→ **Dataset extract**:
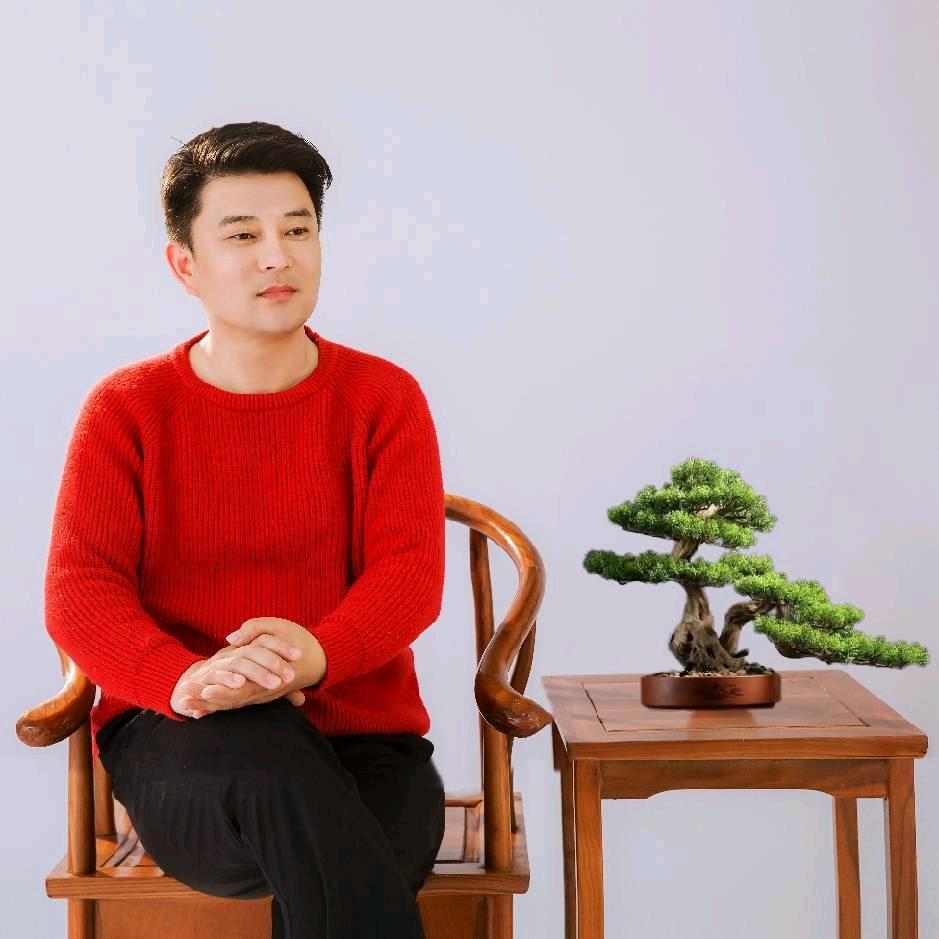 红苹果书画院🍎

...

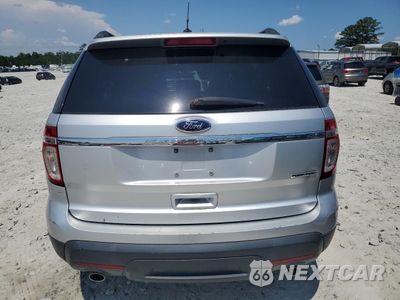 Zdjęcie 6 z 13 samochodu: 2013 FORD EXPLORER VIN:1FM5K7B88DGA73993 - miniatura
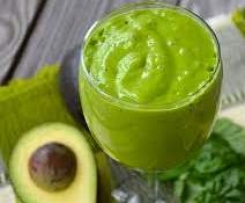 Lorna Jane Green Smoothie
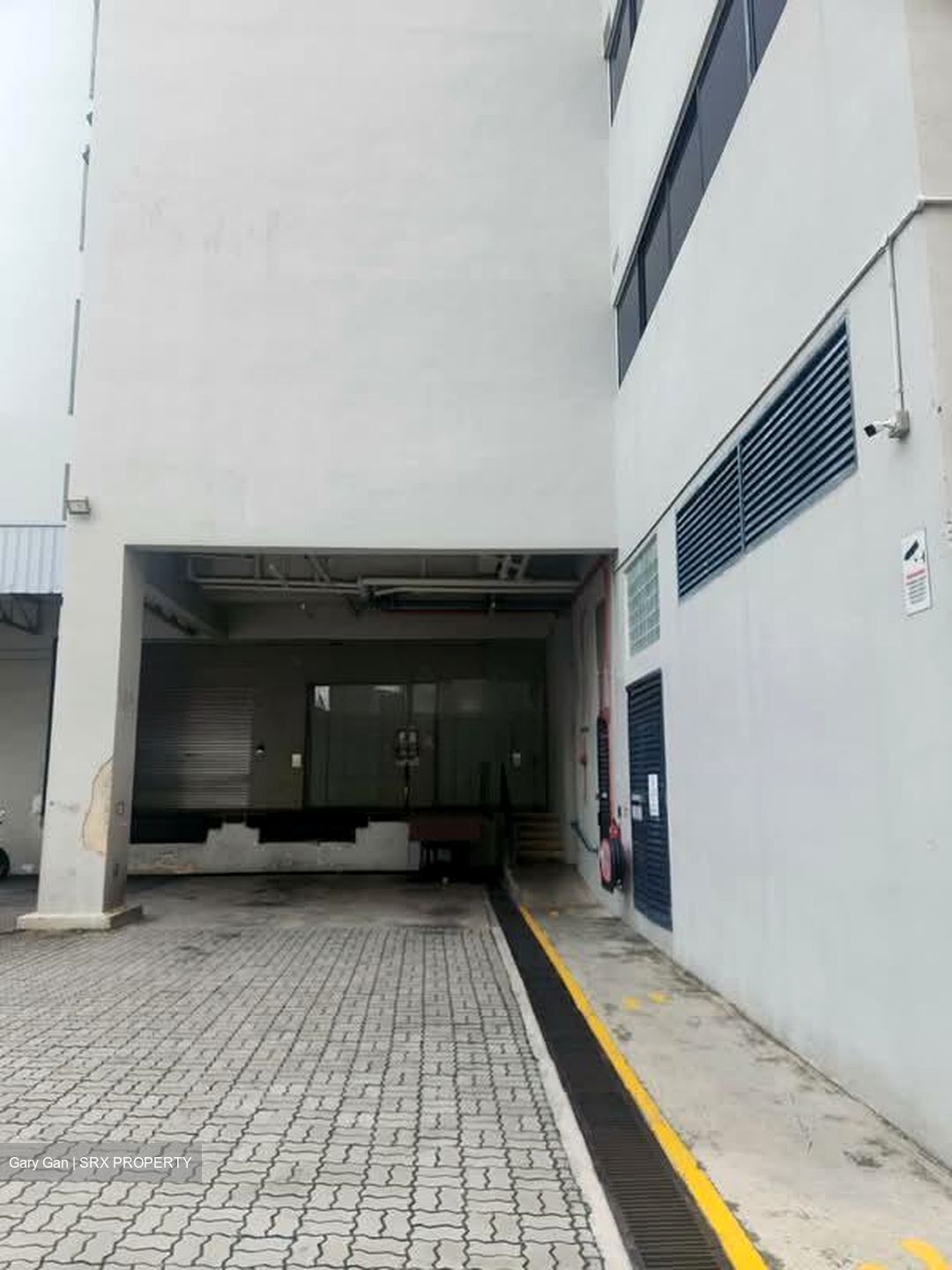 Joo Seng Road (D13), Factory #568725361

→ **Exercise**:
Would you please reproduce the entries above, starting at the line with "Lorna Jane Green Smoothie" and stopping after the line with "Joo Seng Road (D13), Factory #568725361"? Omit any pictures.

→ **Exercise output**:
 Lorna Jane Green Smoothie
 Joo Seng Road (D13), Factory #568725361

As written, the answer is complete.